On January 21, 2025, the Company’s stockholders approved the 2024 Plan Amendment. The 2024 Plan Amendment amended the 2023 Equity Plan to provide that, beginning on December 20, 2024, each non-employee director who is newly appointed to the Board shall automatically receive, upon the date of such director’s initial appointment to the Board, equity awards having an aggregate fair value equal to $2,000,000, one-half of which ($1,000,000) will consist of a non-statutory stock option and one-half of which ($1,000,000) will consist of restricted stock units, with each award vesting annually in equal installments over four years.

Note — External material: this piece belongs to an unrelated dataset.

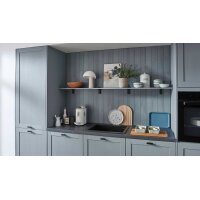 nobilia® Einbauküche Frame mit Geräten und Ansetztisch steinblaue Holzstruktur & Marmor schwarz - zweiteilig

An aggregate of up to 19,327,030 shares of the Company’s class A common stock were initially authorized for issuance under the 2023 Equity Plan, comprised of (i) 2,000,000 shares of the Company’s class A common stock authorized under the 2023 Equity Plan and (ii) up to an aggregate of 17,327,030 shares of the Company’s class A common stock consisting of: (a) the shares of class A common stock reserved for issuance under the 2013 Equity Plan that remained available for grant as of May 23, 2023, and (b) shares of class A common stock subject to awards granted under the 2013 Equity Plan that were outstanding as of May 23, 2023 and which subsequently expire, terminate or are otherwise surrendered, cancelled or forfeited or repurchased by the Company at their original issuance price pursuant to a contractual repurchase right, including shares subject to awards granted under the 2013 Equity Plan that are delivered (either by actual delivery, attestation or net exercise) to the Company by a participant to (x) purchase shares upon the exercise of such award or (y) satisfy tax withholding obligations with respect to such awards, including shares retained from the award creating the tax obligation, subject, in the case of incentive stock options, to any limitations under the Internal Revenue Code of 1986, as amended. As of December 31, 2025, there were 3,142,799 shares of class A common stock reserved and available for future issuance under the 2023 Equity Plan.
In determining related share-based compensation expense for any award under the Stock Incentive Plans, the Company has made an accounting policy election to account for forfeitures of awards as they occur and therefore share-based compensation expense presented below has not been adjusted for any estimated forfeitures.
Stock option awards
Stock options granted under the Stock Incentive Plans must have an exercise price equal to at least the fair market value of the Company’s class A common stock on the date of grant, become exercisable as established by the Board or the Compensation Committee, and expire no later than 10 years following the date of grant. The Company recognizes share-based compensation expense associated with such stock option awards on a straight-line basis over the award’s requisite service period (generally, the vesting period). With the exception of annual grants of stock option awards to non-employee members of the Company’s Board under the 2023 Equity Plan, which vest in full after one year, the stock option awards granted to date vest in equal annual installments over an approximately four-year vesting period (unless accelerated in connection with a change in control event under specified conditions or the death of the participant, in each case as set forth in the applicable option agreement or otherwise in accordance with provisions of the Stock Incentive Plans).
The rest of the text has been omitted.